● **What the exercise asks**
If a line in the listing below includes the word "diagram", pick it out.

*** Opening of Data extract ***

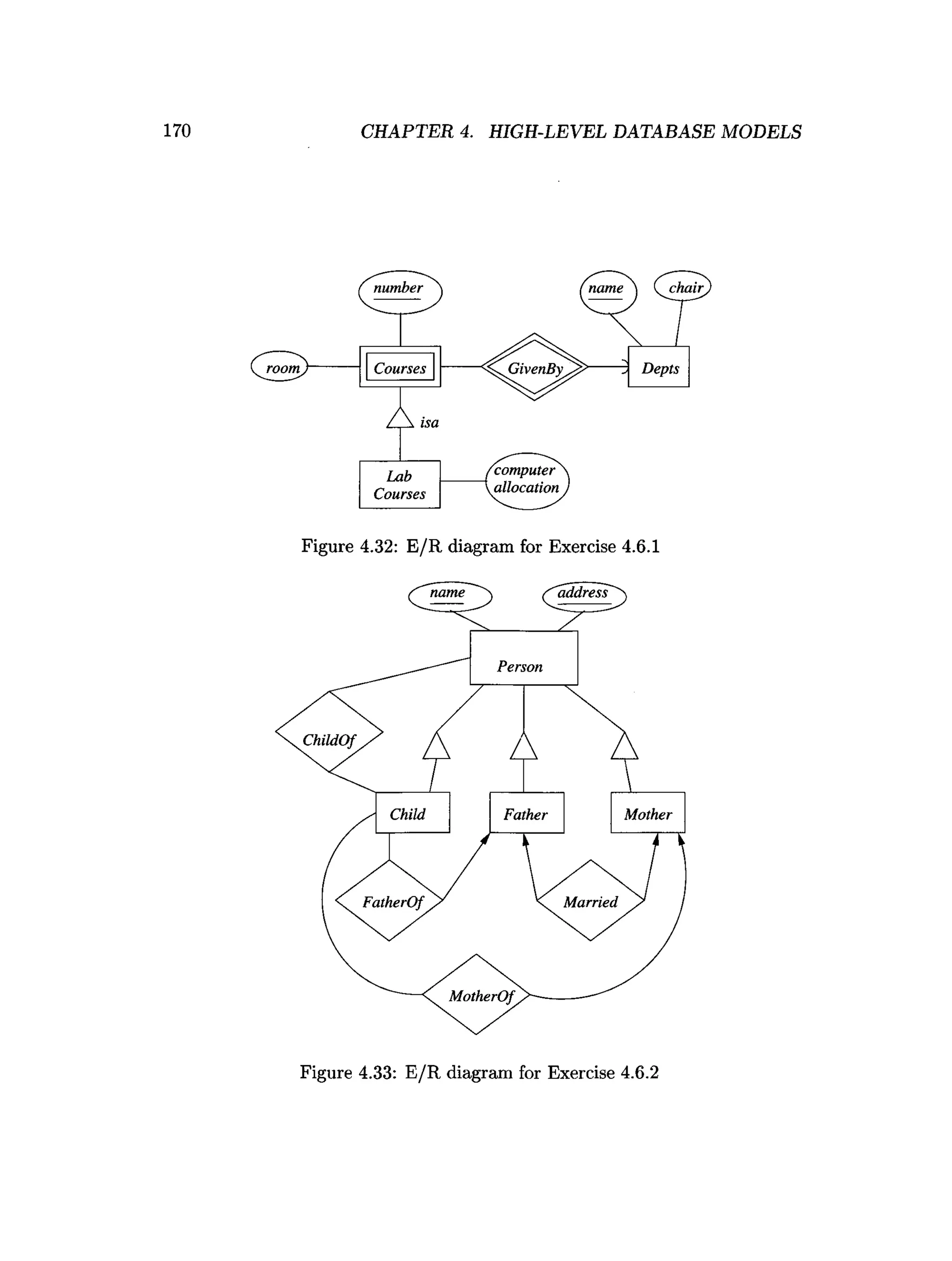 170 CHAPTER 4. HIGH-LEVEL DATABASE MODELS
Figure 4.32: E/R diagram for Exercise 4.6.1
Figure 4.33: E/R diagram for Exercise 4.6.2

*** Close of Data extract ***

● **Solution**
Figure 4.32: E/R diagram for Exercise 4.6.1
Figure 4.33: E/R diagram for Exercise 4.6.2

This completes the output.